▸ EXERCISE OBJECTIVE: Copy each line of the listing below exactly.

▸ DATA FOR THE TASK:
**********
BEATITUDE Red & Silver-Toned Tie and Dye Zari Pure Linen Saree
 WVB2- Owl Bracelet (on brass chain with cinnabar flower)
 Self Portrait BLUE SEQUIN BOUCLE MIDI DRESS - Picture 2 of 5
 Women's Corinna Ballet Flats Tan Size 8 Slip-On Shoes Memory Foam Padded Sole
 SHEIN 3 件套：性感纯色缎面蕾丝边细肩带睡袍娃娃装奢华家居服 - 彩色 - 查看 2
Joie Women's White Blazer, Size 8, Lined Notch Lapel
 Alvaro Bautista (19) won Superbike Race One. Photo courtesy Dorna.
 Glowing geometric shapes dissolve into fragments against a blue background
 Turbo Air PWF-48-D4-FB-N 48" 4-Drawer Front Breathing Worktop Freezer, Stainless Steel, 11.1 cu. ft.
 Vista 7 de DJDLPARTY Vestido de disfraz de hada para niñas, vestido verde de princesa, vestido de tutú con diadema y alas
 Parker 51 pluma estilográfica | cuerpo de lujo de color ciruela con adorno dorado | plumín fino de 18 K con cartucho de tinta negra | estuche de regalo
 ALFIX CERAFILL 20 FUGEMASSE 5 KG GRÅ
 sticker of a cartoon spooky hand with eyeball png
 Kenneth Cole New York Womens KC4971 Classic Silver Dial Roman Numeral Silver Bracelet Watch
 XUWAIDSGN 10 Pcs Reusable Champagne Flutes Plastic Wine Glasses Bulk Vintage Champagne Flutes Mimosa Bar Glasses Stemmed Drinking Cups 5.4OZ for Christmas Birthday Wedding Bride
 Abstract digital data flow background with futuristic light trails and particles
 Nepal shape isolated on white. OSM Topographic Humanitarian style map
**********
▸ WRITTEN ANSWER:
BEATITUDE Red & Silver-Toned Tie and Dye Zari Pure Linen Saree
 WVB2- Owl Bracelet (on brass chain with cinnabar flower)
 Self Portrait BLUE SEQUIN BOUCLE MIDI DRESS - Picture 2 of 5
 Women's Corinna Ballet Flats Tan Size 8 Slip-On Shoes Memory Foam Padded Sole
 SHEIN 3 件套：性感纯色缎面蕾丝边细肩带睡袍娃娃装奢华家居服 - 彩色 - 查看 2
Joie Women's White Blazer, Size 8, Lined Notch Lapel
 Alvaro Bautista (19) won Superbike Race One. Photo courtesy Dorna.
 Glowing geometric shapes dissolve into fragments against a blue background
 Turbo Air PWF-48-D4-FB-N 48" 4-Drawer Front Breathing Worktop Freezer, Stainless Steel, 11.1 cu. ft.
 Vista 7 de DJDLPARTY Vestido de disfraz de hada para niñas, vestido verde de princesa, vestido de tutú con diadema y alas
 Parker 51 pluma estilográfica | cuerpo de lujo de color ciruela con adorno dorado | plumín fino de 18 K con cartucho de tinta negra | estuche de regalo
 ALFIX CERAFILL 20 FUGEMASSE 5 KG GRÅ
 sticker of a cartoon spooky hand with eyeball png
 Kenneth Cole New York Womens KC4971 Classic Silver Dial Roman Numeral Silver Bracelet Watch
 XUWAIDSGN 10 Pcs Reusable Champagne Flutes Plastic Wine Glasses Bulk Vintage Champagne Flutes Mimosa Bar Glasses Stemmed Drinking Cups 5.4OZ for Christmas Birthday Wedding Bride
 Abstract digital data flow background with futuristic light trails and particles
 Nepal shape isolated on white. OSM Topographic Humanitarian style map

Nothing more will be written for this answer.